» PROVIDED MATERIAL
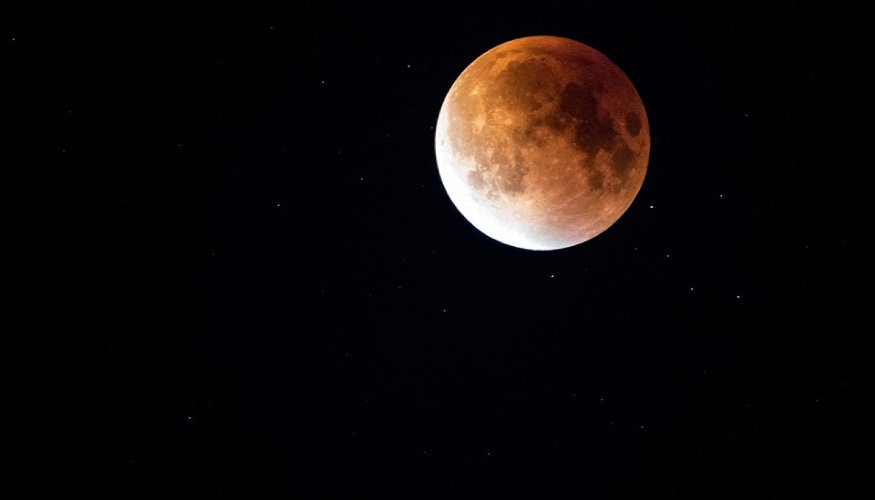 Eclipse lunar - Tomorrowland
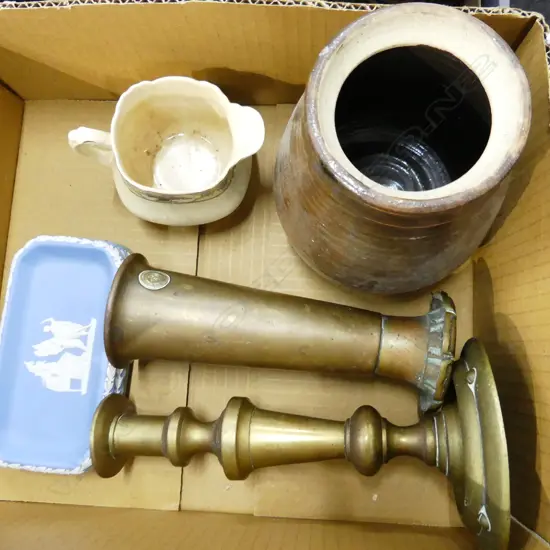 BOX LOT BRASS CANDLESTICK, 2 PCES WEDGWOOD JASPERWARE ETC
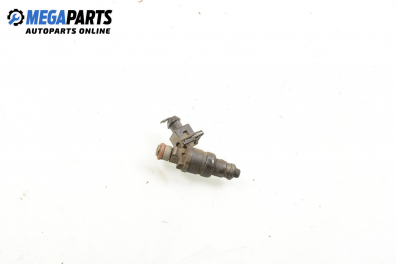 Gasoline fuel injector for Mercedes-Benz C-Class 202 (W/S) 2.0, 136 hp, sedan, 1994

» TASK ITEM
Repeat all the data as it stands, dropping any images it holds.

» ANSWER BELOW
 Eclipse lunar - Tomorrowland
 BOX LOT BRASS CANDLESTICK, 2 PCES WEDGWOOD JASPERWARE ETC
 Gasoline fuel injector for Mercedes-Benz C-Class 202 (W/S) 2.0, 136 hp, sedan, 1994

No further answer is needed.